What you will do
Repeat exactly the lines of the records below, starting at the line containing "Black ergonomic mesh" and ending at the line containing "Flowering Girl Women". Leave the pictures out.

Supplied entries
+++++

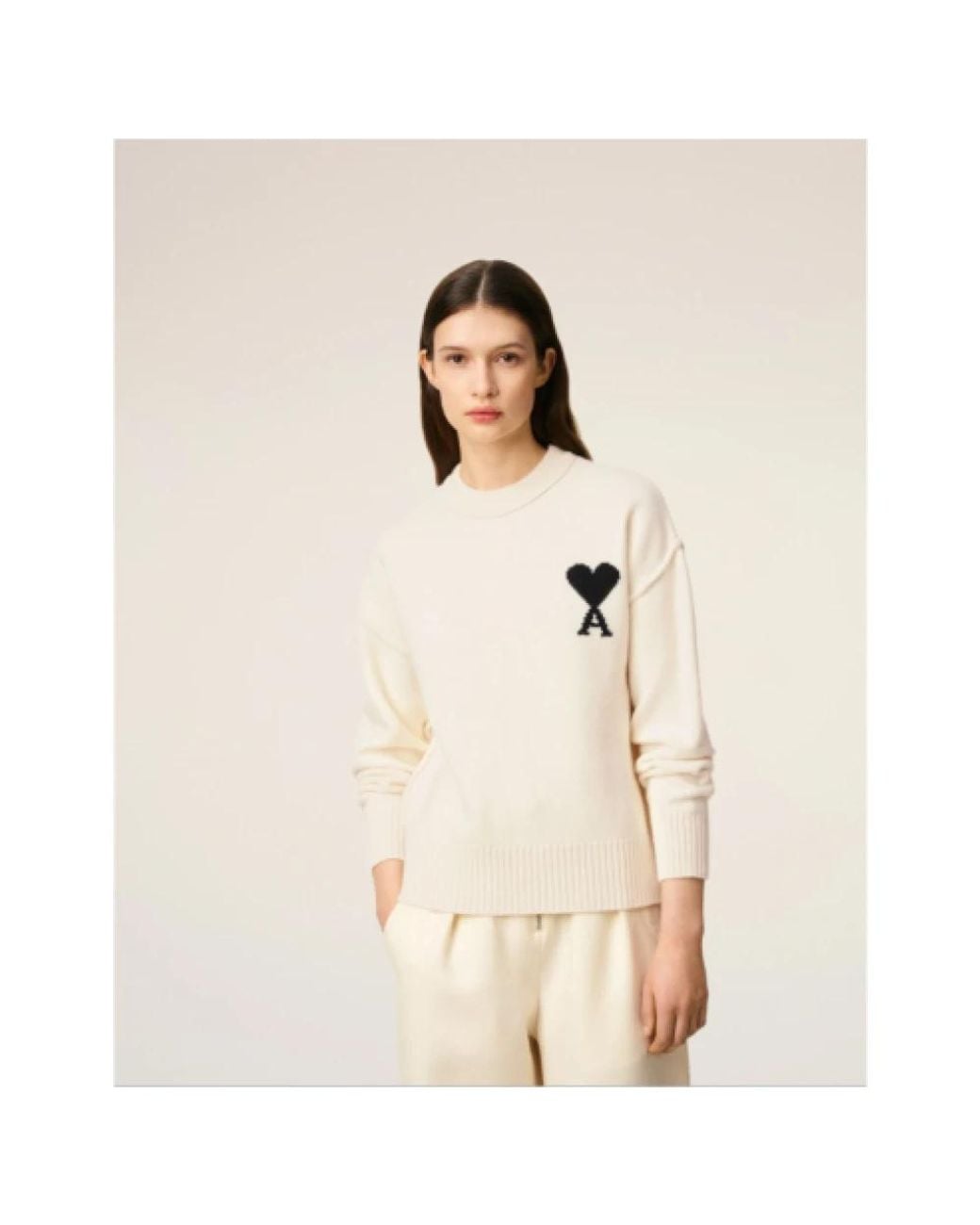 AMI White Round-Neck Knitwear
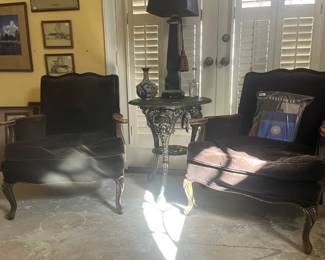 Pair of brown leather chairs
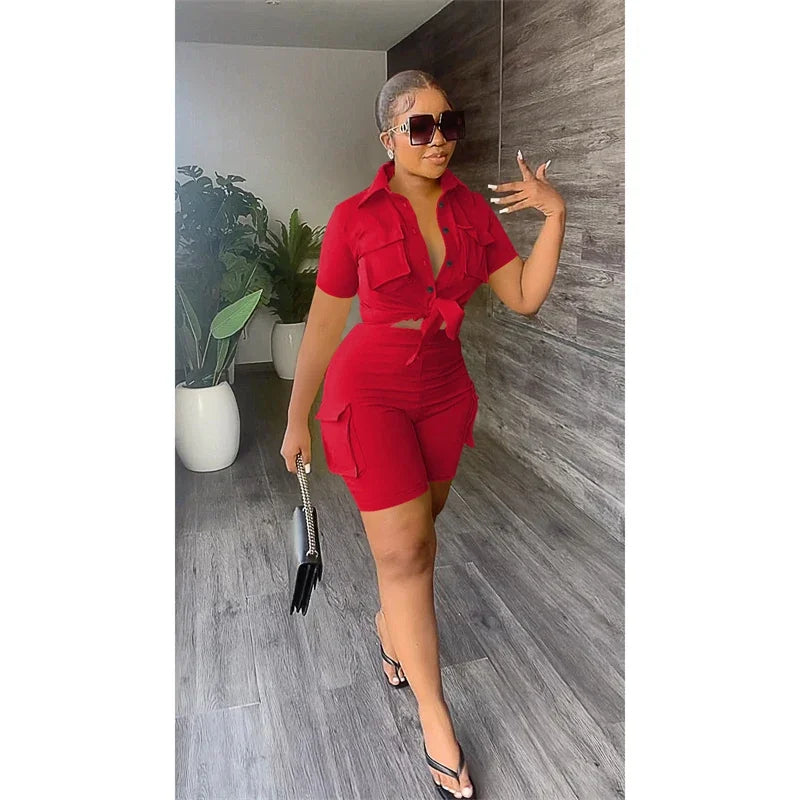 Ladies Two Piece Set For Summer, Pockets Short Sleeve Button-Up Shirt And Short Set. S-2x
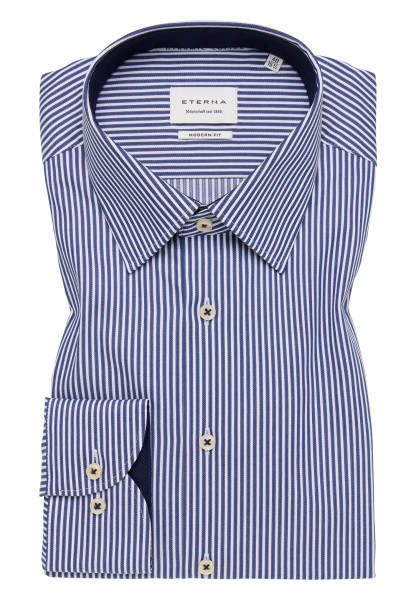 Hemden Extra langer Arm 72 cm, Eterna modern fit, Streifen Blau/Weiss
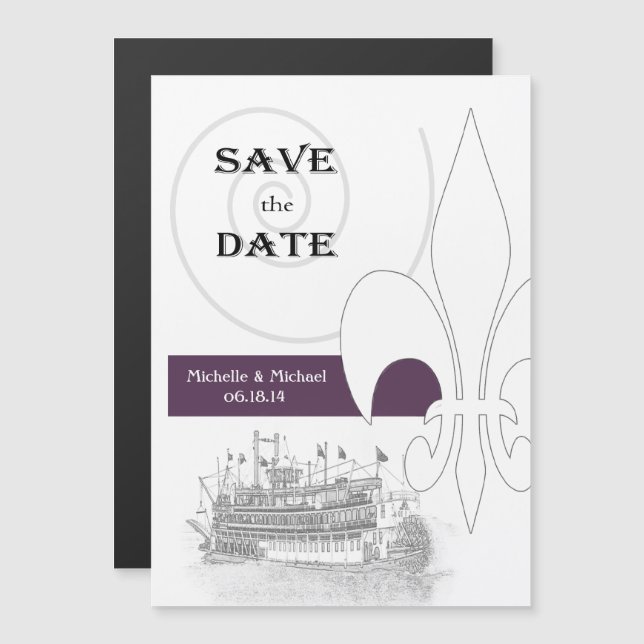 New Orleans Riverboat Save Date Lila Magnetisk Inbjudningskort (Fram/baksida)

+++++

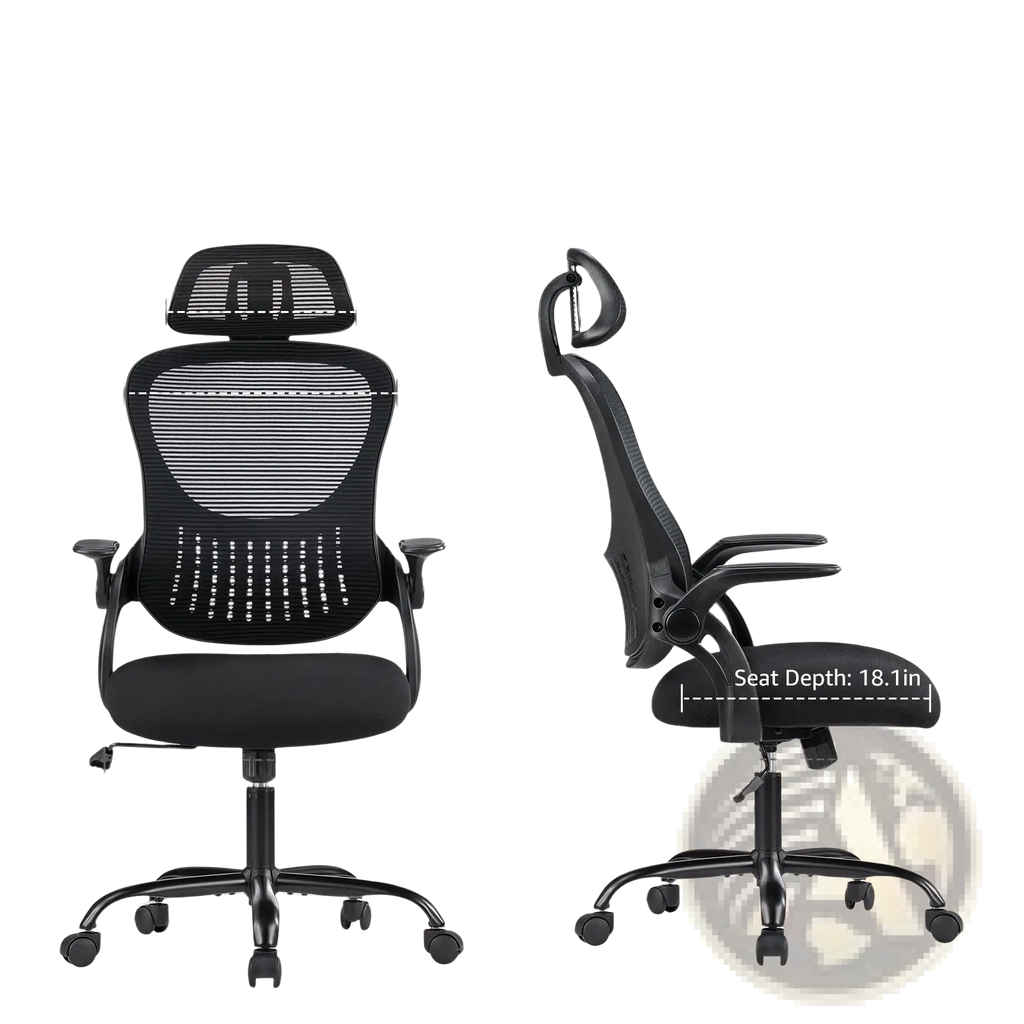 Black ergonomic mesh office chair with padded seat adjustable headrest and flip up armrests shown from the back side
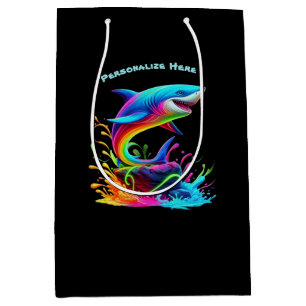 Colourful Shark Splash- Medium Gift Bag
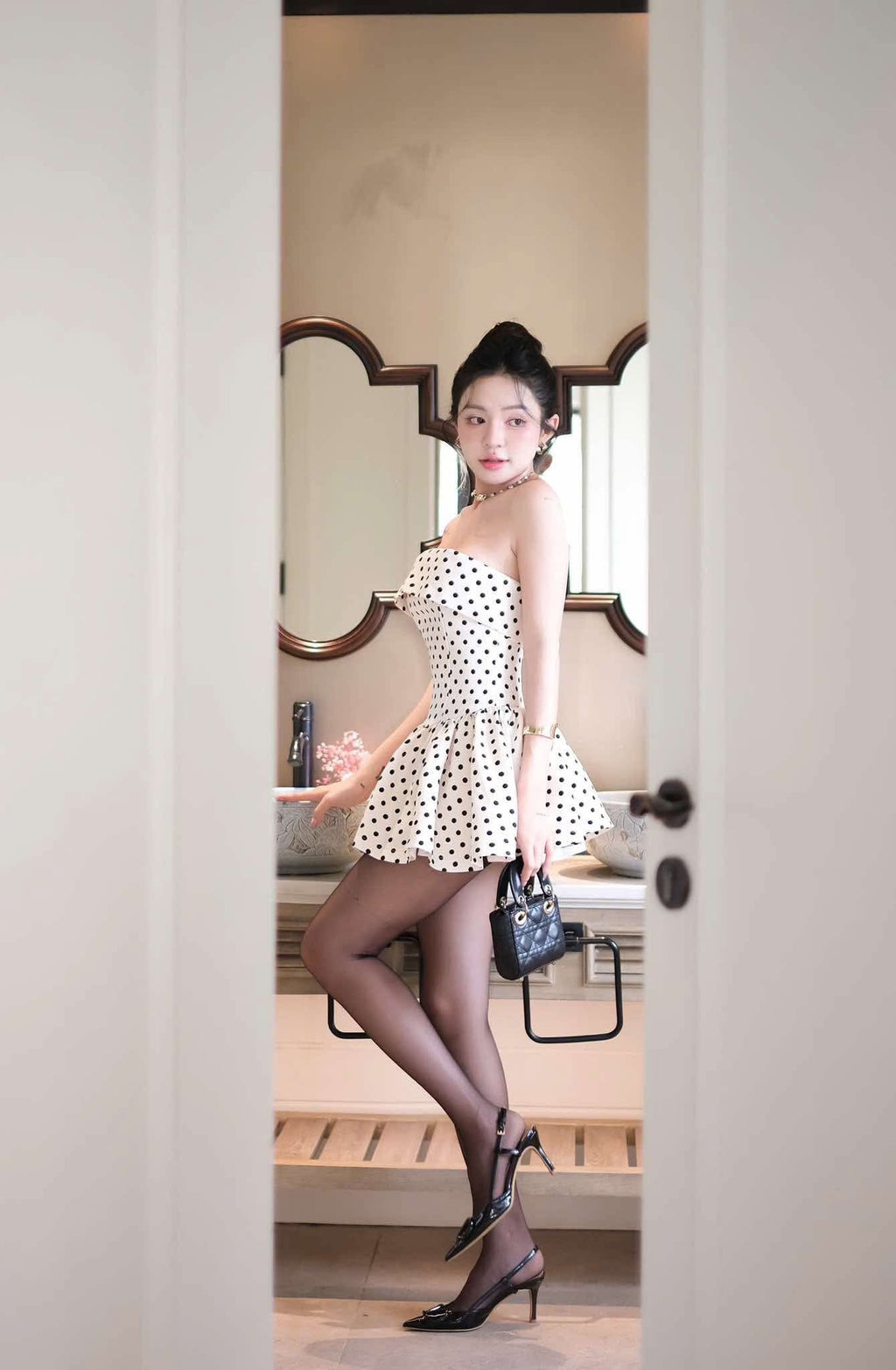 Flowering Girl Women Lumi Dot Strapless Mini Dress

+++++

Expected output
 Black ergonomic mesh office chair with padded seat adjustable headrest and flip up armrests shown from the back side
 Colourful Shark Splash- Medium Gift Bag
 Flowering Girl Women Lumi Dot Strapless Mini Dress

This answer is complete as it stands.